Fig. 316.—Clusters of Bees.
The result of all this is at last a cluster or swarm of bees which hangs down to the bottom of the hive. In this attitude they remain at first motionless, waiting till the honey in their stomachs is changed into wax. When the wax is sufficiently elaborated in its organs, one of them detaches itself from the group of which it forms a part. It takes between its legs one of the flakes of wax adhering to the rings of its abdomen, kneads it with its mandibles, moistens it with its saliva, and gives it the appearance of a soft filament, which it sticks on to a projecting point of the roof. To this first layer it adds others, till it has exhausted all its wax. Then it leaves its post, and returns to the fields; another worker—another mason, as they are sometimes called—succeeds it, and continues the laying of the foundations. Presently shapeless blocks of wax hang down from the roof. It is in these blocks that other workers, with their mandibles, hollow out and form the first cells. While the workers continue to prolong the foundation-wall, and whilst the first cells are being shaped, new ones are roughly sketched out or rough-hewn, and the work advances with a marvellous rapidity.
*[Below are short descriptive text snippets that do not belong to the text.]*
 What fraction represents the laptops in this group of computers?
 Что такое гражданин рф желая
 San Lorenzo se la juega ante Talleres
Each cell forms a small hexagonal cup, closed on one side only by a pyramidal base, produced by the meeting together of three rhombs. The honeycombs are the result of two layers of cells placed back to back, arranged in such a way that the bases of the one become the bases of the other, the base of each little cell being formed by the union of the bases of three opposite cells. The bees begin by forming the base of the cell; they then add the six sides, or walls, which are to complete the hexagonal cup. At the same time others set to work on the opposite side of the comb, and construct little cells back to back with the cells of the front surface. They do not finish them off at once. The walls are at first very thick: new workers, who succeed those who merely mark out the work, being occupied in planing down the rough-hewn cells, and in reducing the walls to the desired thickness. This work is accomplished with an incredible celerity, for the bees can build as many as 4,000 cells in twenty-four hours. There is very good reason for the hexagonal form being adopted by the bees in constructing their cells, as it involves a question of economy, which these insects have solved in their most admirable manner.
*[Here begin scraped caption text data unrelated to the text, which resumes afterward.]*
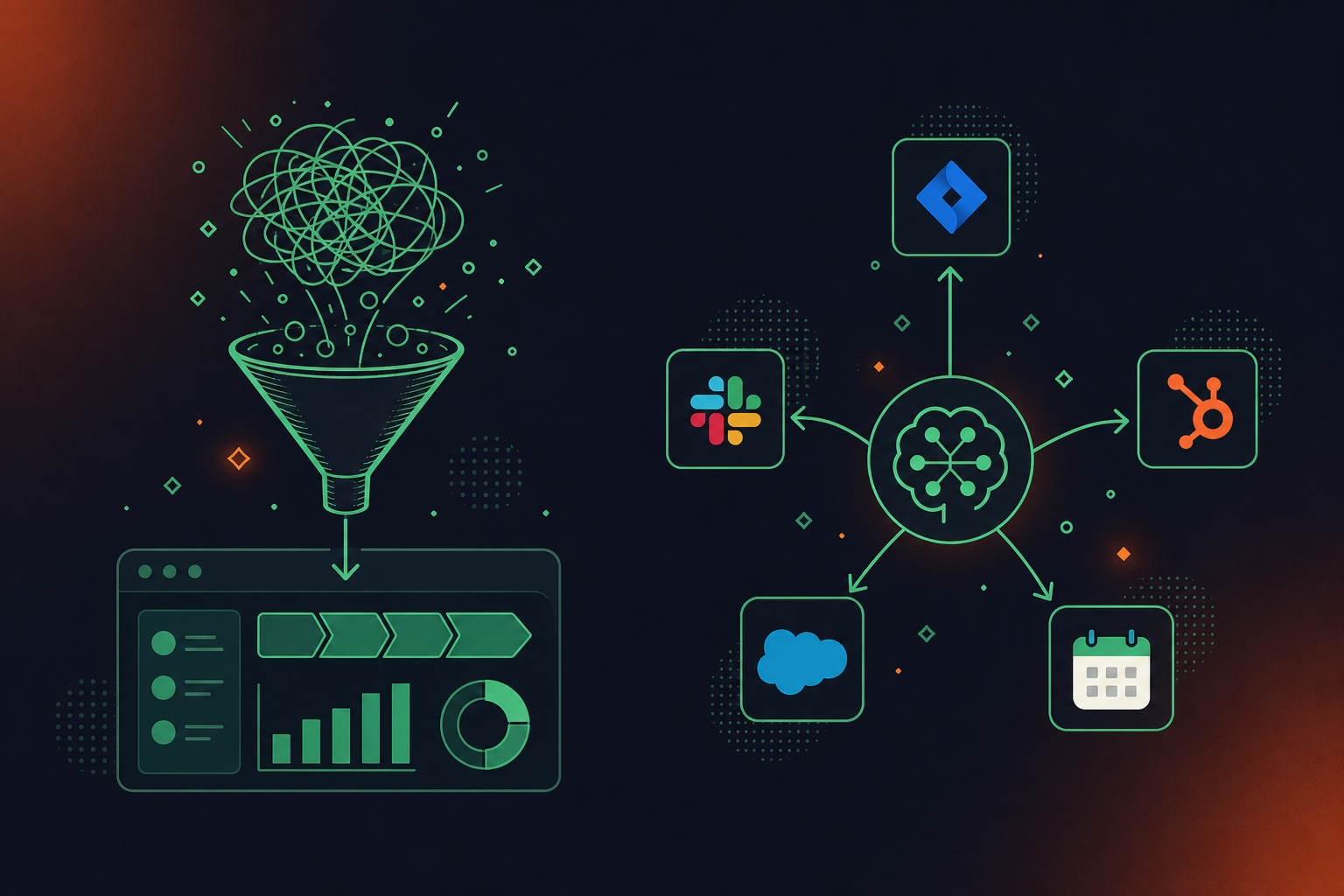 A clean flat design illustration showing two contrasting data routing paths. On the left, a funnel icon with arrows flowing into a single CRM/pipeline dashboard, representing sales intelligence routed back to revenue workflows. On the right, a central hub with arrows branching out to multiple team tool icons: Jira, Slack, HubSpot, Salesforce, and a calendar icon, representing structured data routed forward to every team's tools. Green and white color palette, professional enterprise tech aesthetic, minimal iconography, no text labels.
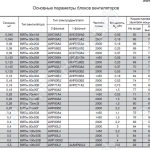 Основные параметры блоков вентиляторов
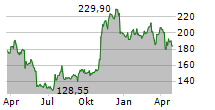 PAYCOM SOFTWARE INC Chart 1 Jahr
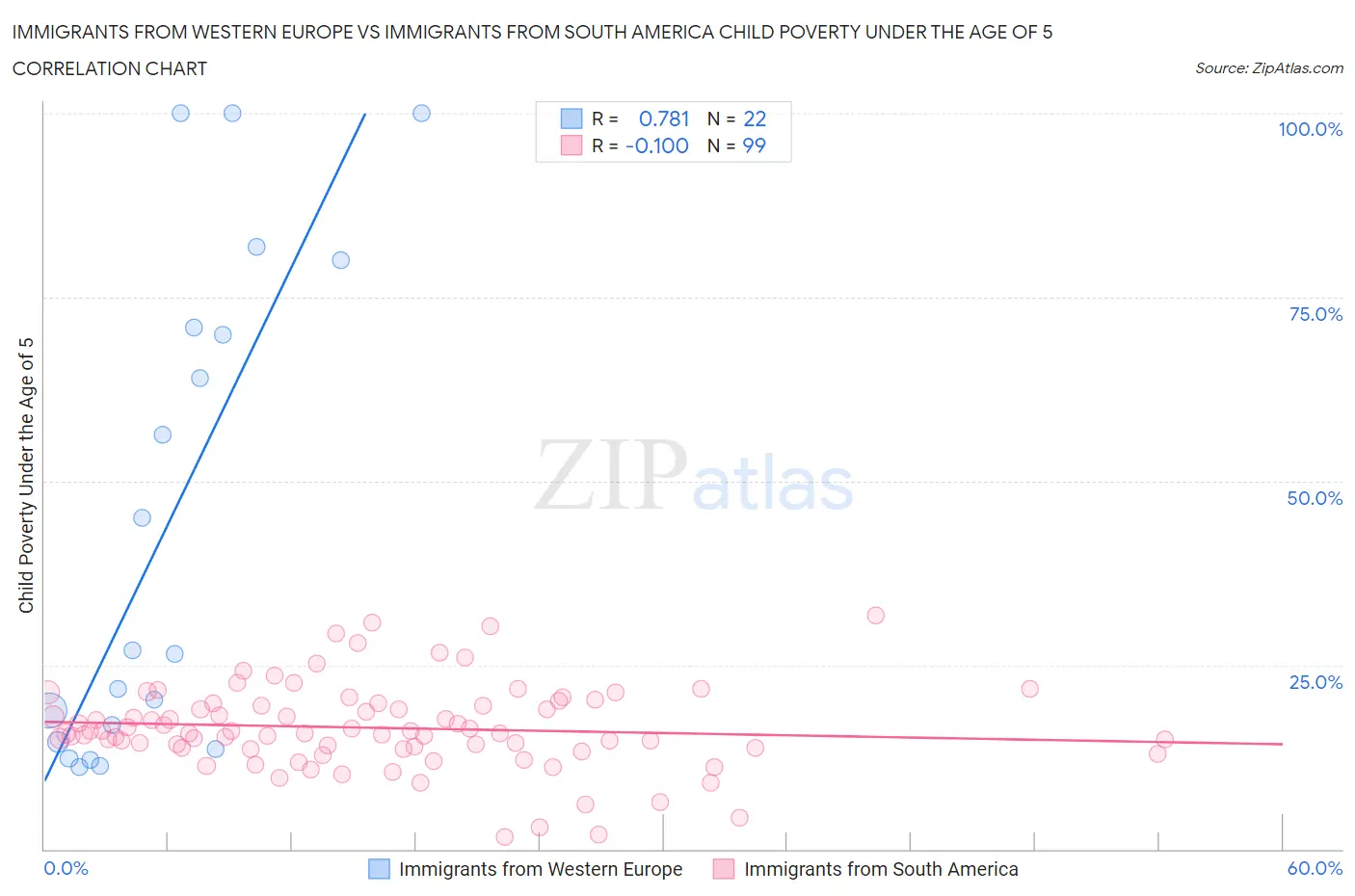 Immigrants from Western Europe vs Immigrants from South America Child Poverty Under the Age of 5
Fig. 317.—Cells constructed by Bees.
"When one has well examined," says Réaumur, [84] "the true shape of each cell, when one has studied their arrangement, geometry seems to have guided the design for the whole work, and to have presided over its execution. One finds that all the advantages which could have been desired are here combined. The bees seem to have had to solve a problem containing conditions which would have made the solution appear to be difficult to many geometricians. This problem may be thus enunciated:—Given a quantity of matter, say of wax, it is required to form cells which shall be equal and similar to each other, of a determined capacity, but as large as possible in proportion to the quantity of matter which is employed, and the cells to be so placed that they may occupy the least possible space in the hive. To satisfy this last condition, the cells should touch each other in such a manner that there may remain no angular space between them, no gap to fill up. The bees have satisfied these conditions, and at the same time they have satisfied the first conditions of the problem in making cells which are tubes having six equal sides, or in other words, hexagonal tubes.... We see still further that the best thing the bees could do to economise their space and materials, was to compose their honeycombs of two rows of cells turned in opposite directions."